AFAIK, if you're using python 2, you could specify long type like 123L or
long(123), so this data will be specifically translated into java long.
If you're using python 3, which has no long type, currently I'm sure if
there's a workaround about it.

You could refer to python kafka unit test to see the details of using
python api.

Thanks
Saisai



On Tue, May 3, 2016 at 4:11 PM, Tigran Avanesov <
tigran.avane...@olamobile.com> wrote:

> Thank you,
>
> But now I have this error:
>
> java.lang.ClassCastException: java.lang.Integer cannot be cast to
> java.lang.Long
>
> My offsets are actually not big enough to be long.

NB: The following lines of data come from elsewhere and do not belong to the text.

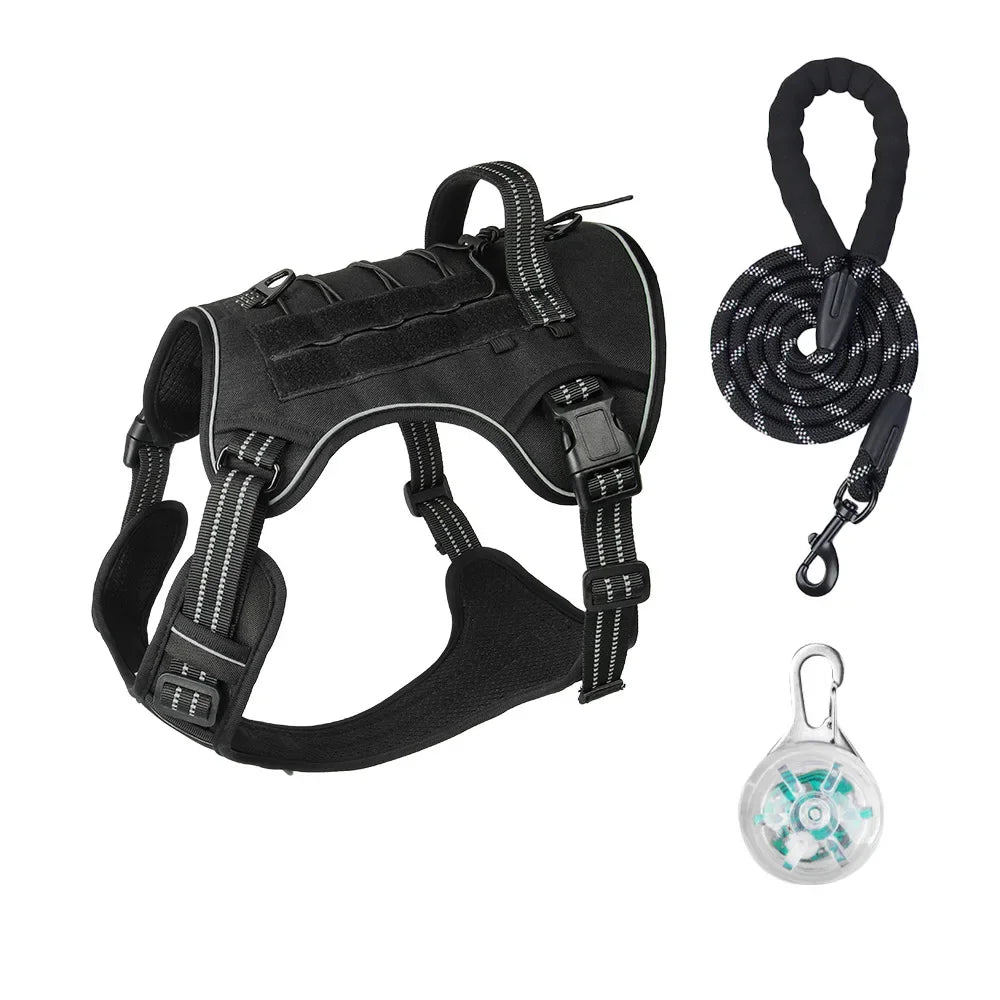 Harnais Tactique MOLLE Anti-Traction pour Grand Chien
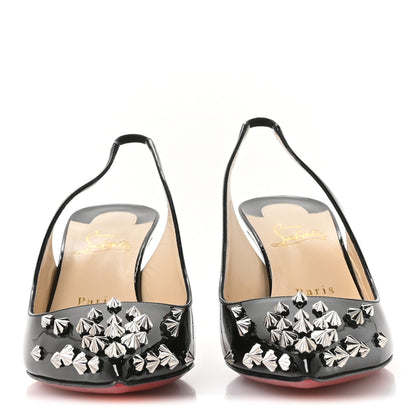 Christian Louboutin Patent Drama Sling 70 Pumps 39.5 Black 3 of 8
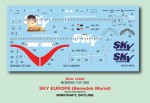 1/144 62: Boeing 737-300 SKY EUROPE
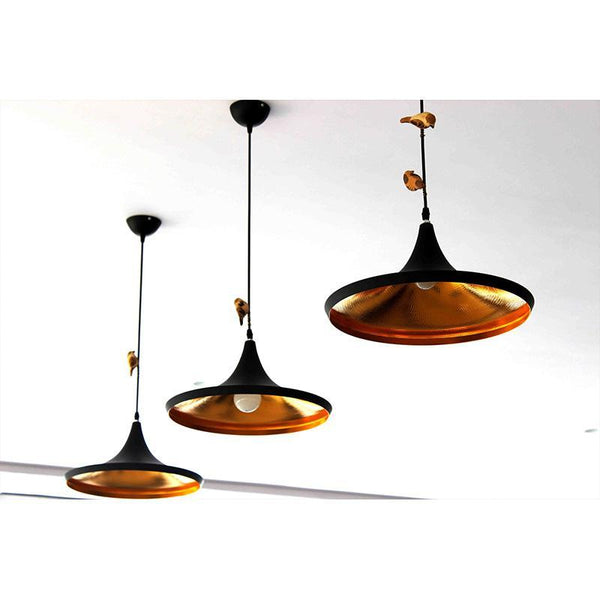 Handmade Wooden Bird Hanging - House Sparrows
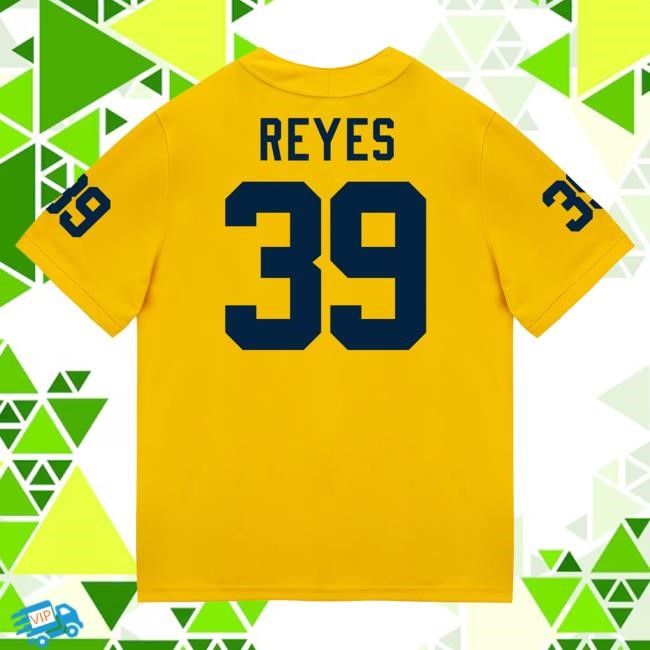 Michigan Wolverines #39 Max Reyes Student Athlete Maize Football Jersey T Shirt The M Den Shop Official
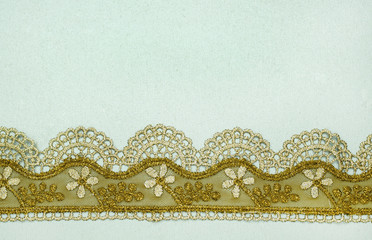 gold lace on texture abstract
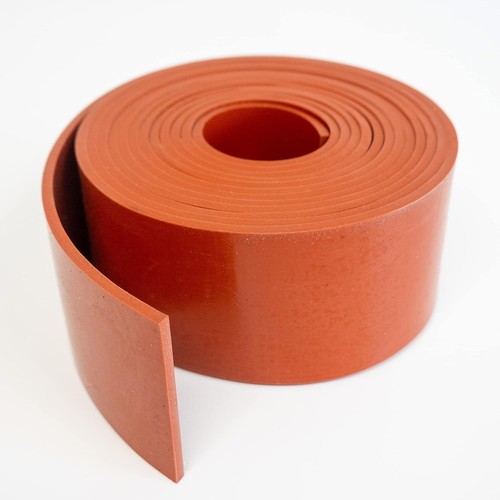 Rotolo Striscia Gomma Siliconica Spessore 1/32'' x 12" Larghezza x 10ft Lunga Alta Temp - Foto 5 di 10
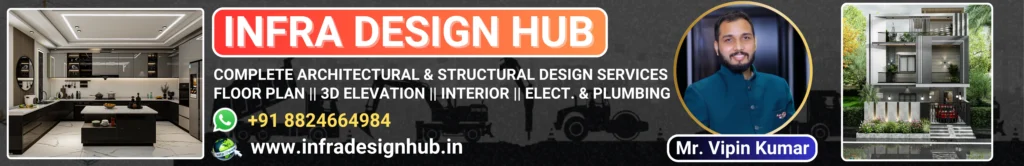 Modern House Designs with complete architectural, structural, electrical and plumbing drawings by Infra Design Hub.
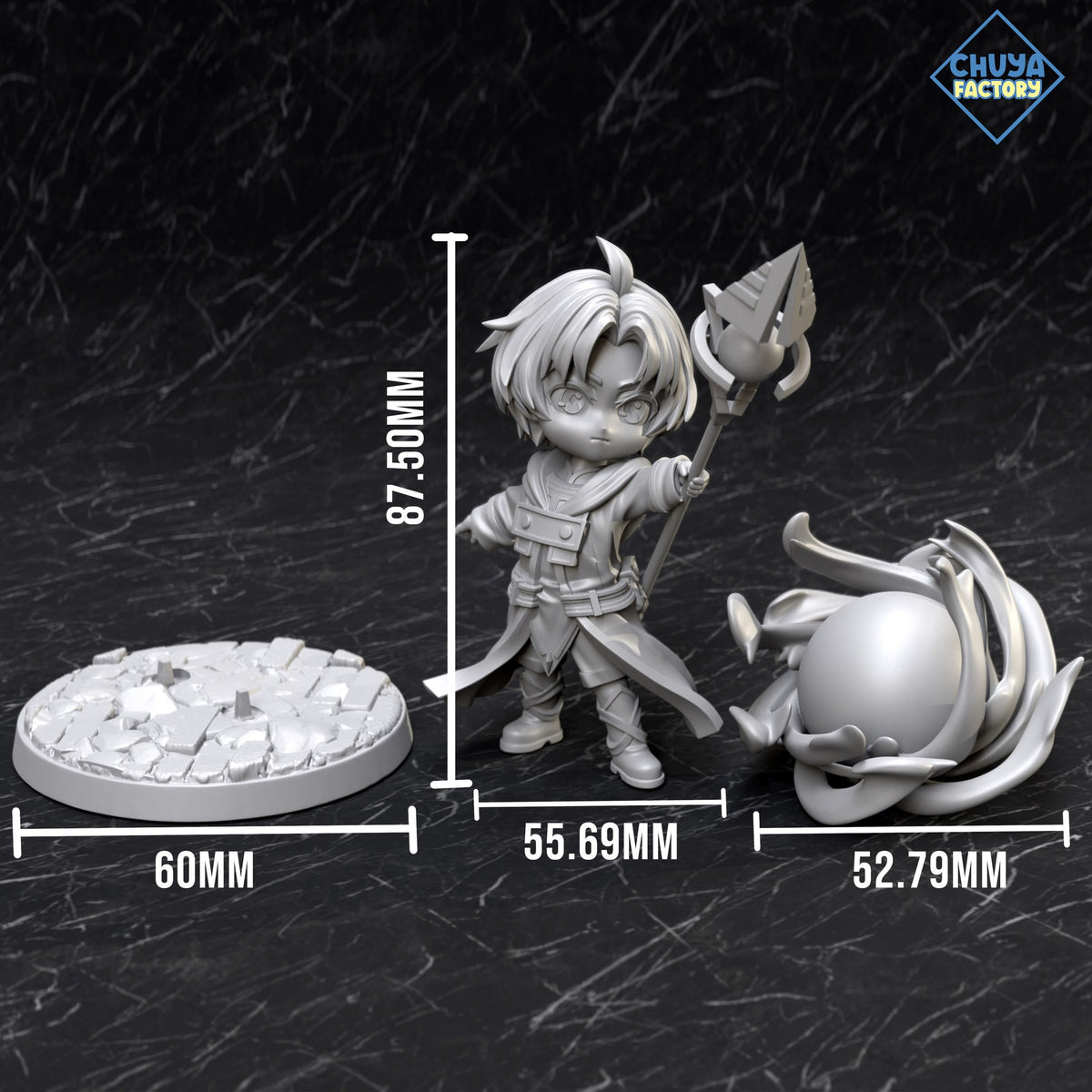 Chibi Rudeus Greyrat resin figure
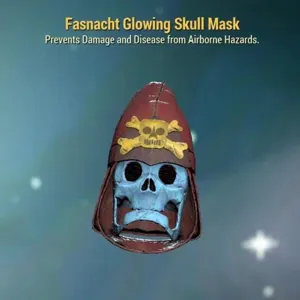 Fasnacht glowing skull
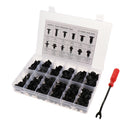 Auto Clips Car Vent Body Clips Retainer Push Kit - 240Pcs Car Panel Trim Plastic Fasteners Rivet Kits Universal for Ford GM FOR Toyota FOR Honda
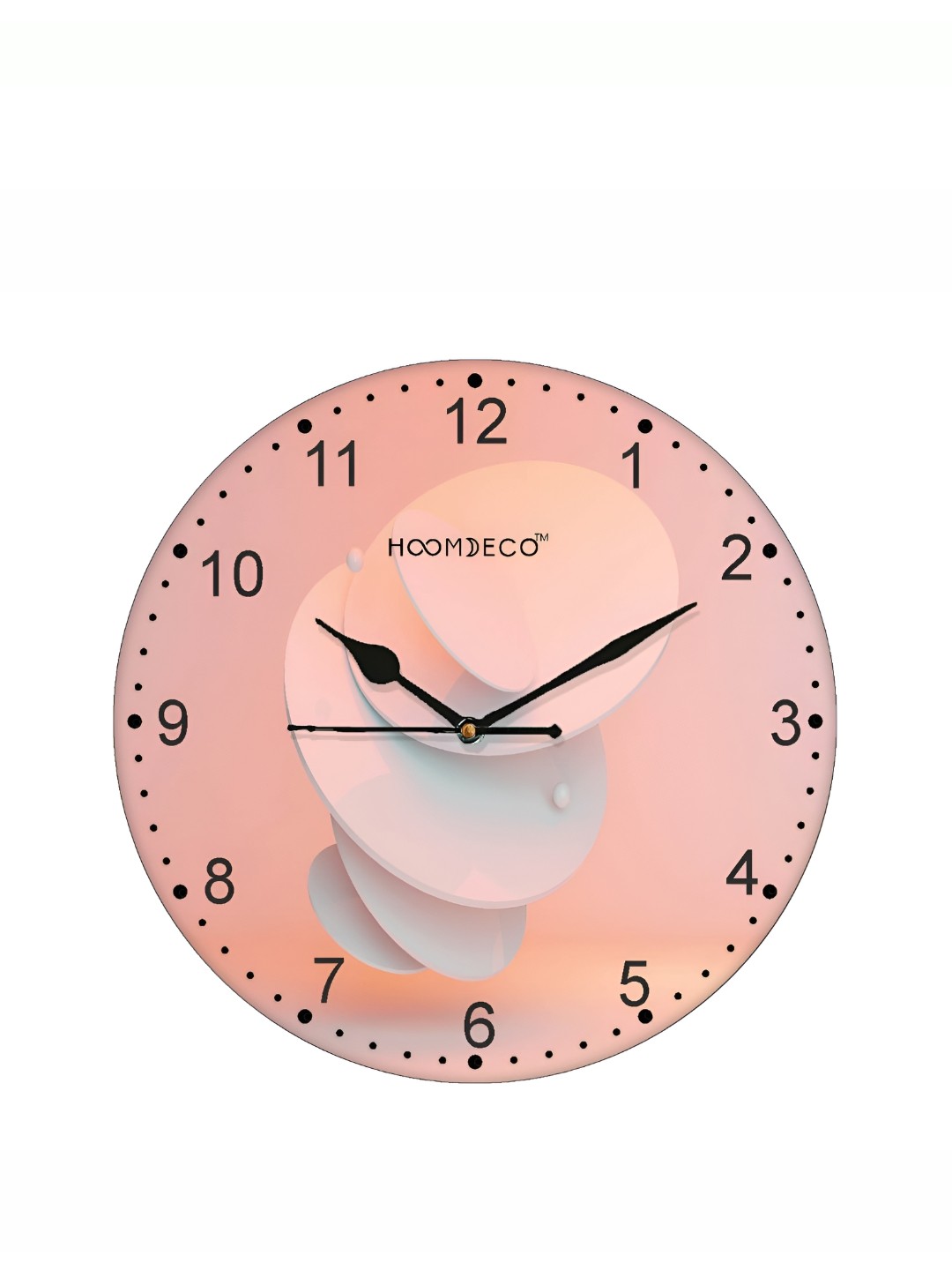

HOOMDECO Pink & White Printed Round Shaped Contemporary Wall Clock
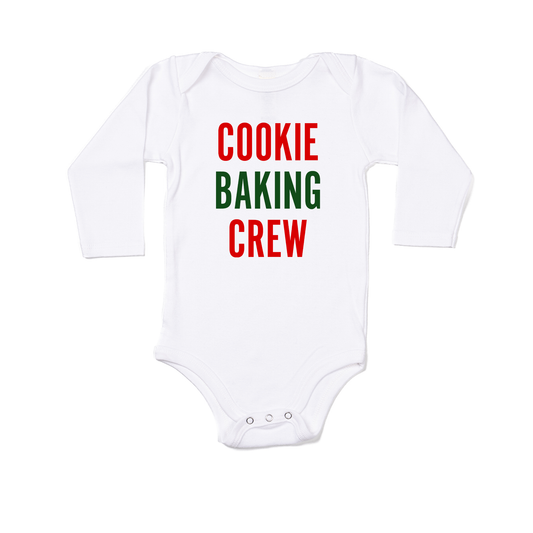 Cookie Baking Crew - Bodysuit (White, Long Sleeve)
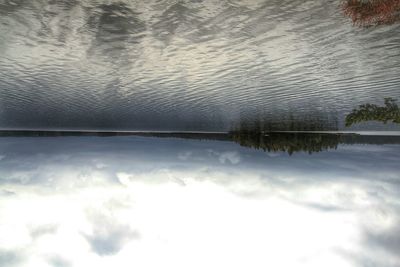 Reflection of clouds in sea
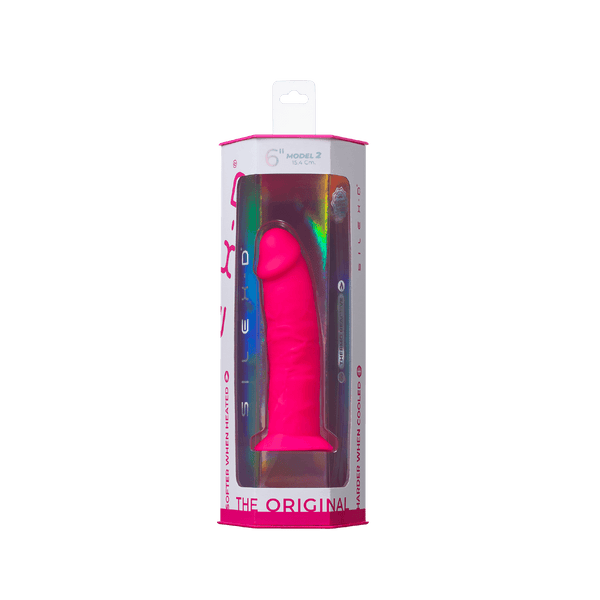 Silexd – Model 2- 6″ Realistic Dildo- Pink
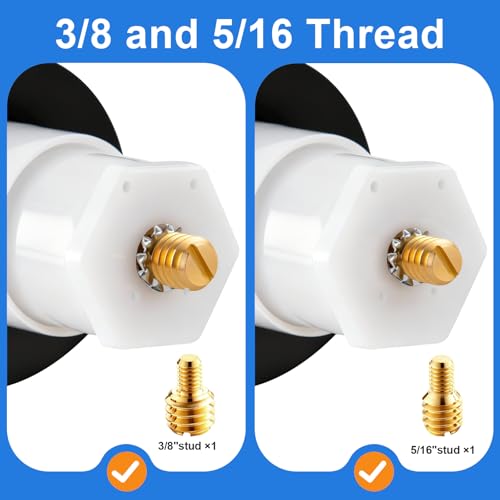 Foot Actuated Bathtub Drain Stopper with Thread Adapters
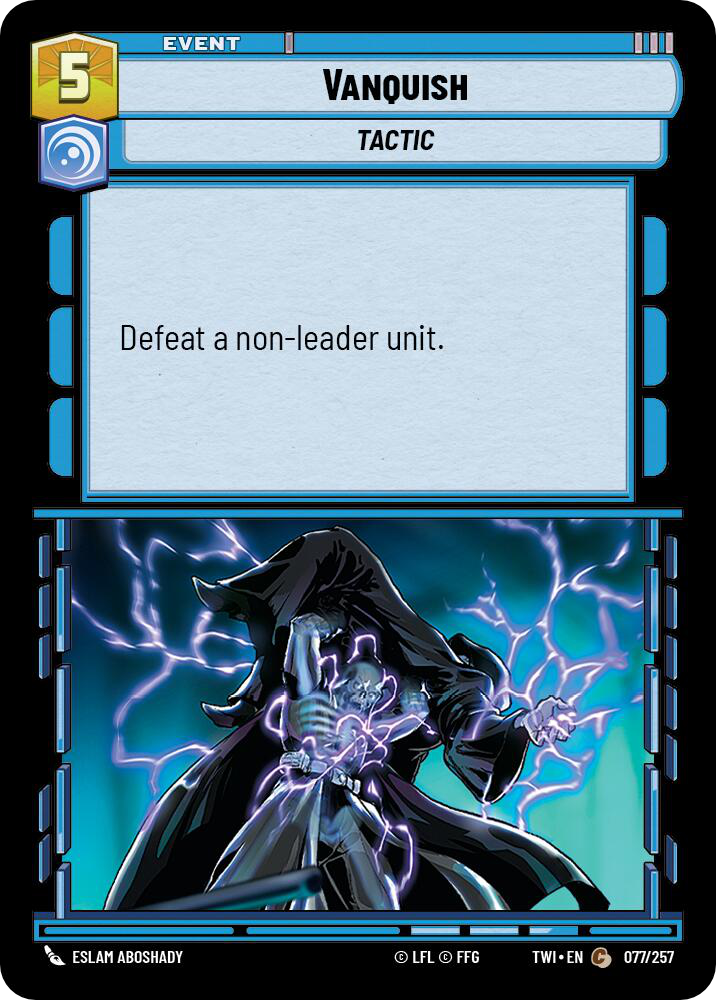 Vanquish, Twilight of the Republic Card Art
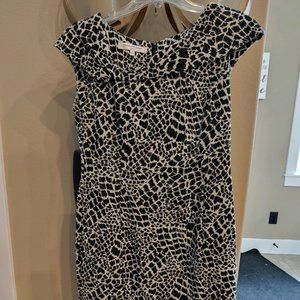 Size 4 - Black & Tan Dress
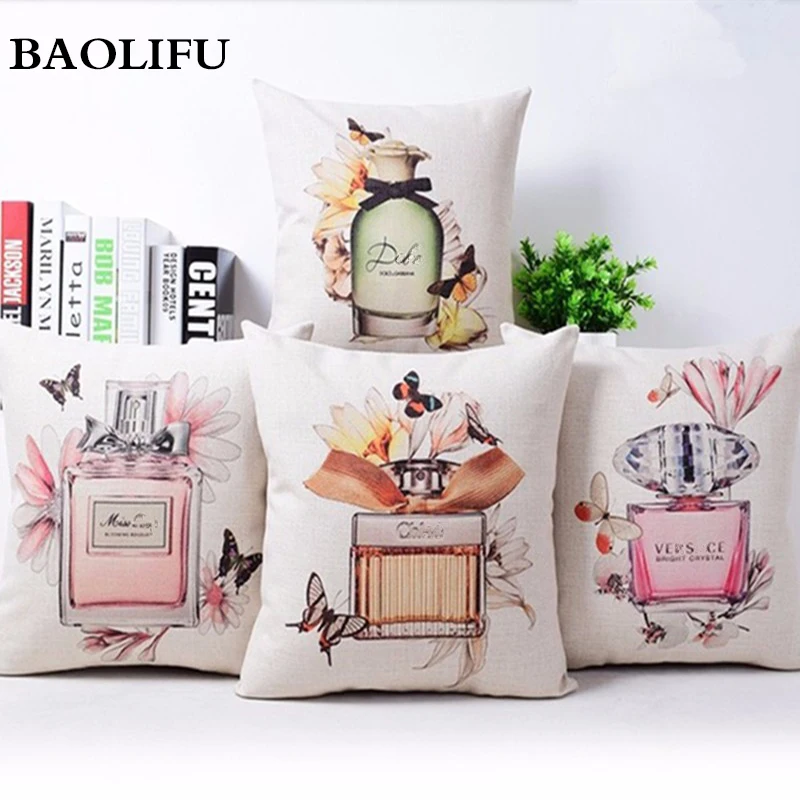 BAOLIFU Perfume Bottles Custom Linen Seat Waist Cushion Cover Decorative Throw Pillow Cover Case For Sofa Home Decor
BAOLIFU Perfume Bottles Custom Linen Seat Waist Cushion Cover Decorative Throw Pillow Cover Case For Sofa Home Decor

If I put bigger values,
> I have no such exception.
> For me looks like a bug.
>
> Any ideas for a workaround?
>
> Thank!
>
>
> On 05/02/2016 06:57 PM, Cody Koeninger wrote:
>
>> If you're confused about the type of an argument, you're probably
>> better off looking at documentation that includes static types:
>>
>>
>> http://spark.apache.org/docs/latest/api/scala/index.html#org.apache.spark.streaming.kafka.KafkaUtils$
>>
>> createDirectStream's fromOffsets parameter takes a map from
>> TopicAndPartition to Long.
>>
>> There is documentation for a python constructor for TopicAndPartition:
>>
>>
>> http://spark.apache.org/docs/latest/api/python/_modules/pyspark/streaming/kafka.html#TopicAndPartition
>>
>>
>> On Mon, May 2, 2016 at 5:54 AM, Tigran Avanesov
>>  wrote:
>>
>>> Hi,
>>>
>>> I'm trying to start consuming messages from a kafka topic (via direct
>>> stream) from a given offset.
>>> The documentation of createDirectStream says:
>>>
>>> :param fromOffsets: Per-topic/partition Kafka offsets defining the
>>> (inclusive) starting
>>> point of the stream.
>>>
>>> However it expects a dictionary of topics (not names...), as i tried to
>>> feed
>>> it something like { 'topic' : {0: 123, 1:234}}, and of course got an
>>> exception.
>>> How should I build this fromOffsets parameter?
>>>
>>> Documentation does not say anything about it.
>>> (In general, I think it would be better if the function accepted topic
>>> names)
>>>
>>> Thank you!
>>>
>>> Regards,
>>> Tigran
>>>
>>>
>>> -
>>> To unsubscribe, e-mail: user-unsubscr...@spark.apache.org
>>> For additional commands, e-mail: user-h...@spark.apache.org
>>>
>>>
> --
>
> Tigran Avanesov | IT Architect
> phone: +352 261911 3562
> email: tigran.avane...@olamobile.com
> skype: tigran.avanesov.corporate
> post:  Olamobile S.à.r.l.
>2-4 rue Eugène Ruppert
>Bâtiment Vertigo-Polaris
>L-2453 Luxembourg
>Luxembourg
> web:   www.olamobile.com
>
>
>
> -
> To unsubscribe, e-mail: user-unsubscr...@spark.apache.org
> For additional commands, e-mail: user-h...@spark.apache.org
>
>


Re: kafka direct streaming python API fromOffsets

2016-05-03 Thread Tigran Avanesov

Thank you,

But now I have this error:

java.lang.ClassCastException: java.lang.Integer cannot be cast to 
java.lang.Long


My offsets are actually not big enough to be long. If I put bigger 
values, I have no such exception.

For me looks like a bug.

Any ideas for a workaround?

Thank!

On 05/02/2016 06:57 PM, Cody Koeninger wrote:

If you're confused about the type of an argument, you're probably
better off looking at documentation that includes static types:

http://spark.apache.org/docs/latest/api/scala/index.html#org.apache.spark.streaming.kafka.KafkaUtils$

createDirectStream's fromOffsets parameter takes a map from
TopicAndPartition to Long.

There is documentation for a python constructor for TopicAndPartition:

http://spark.apache.org/docs/latest/api/python/_modules/pyspark/streaming/kafka.html#TopicAndPartition


On Mon, May 2, 2016 at 5:54 AM, Tigran Avanesov
 wrote:

Hi,

I'm trying to start consuming messages from a kafka topic (via direct
stream) from a given offset.
The documentation of createDirectStream says:

:param fromOffsets: Per-topic/partition Kafka offsets defining the
(inclusive) starting
point of the stream.

However it expects a dictionary of topics (not names...), as i tried to feed
it something like { 'topic' : {0: 123, 1:234}}, and of course got an
exception.
How should I build this fromOffsets parameter?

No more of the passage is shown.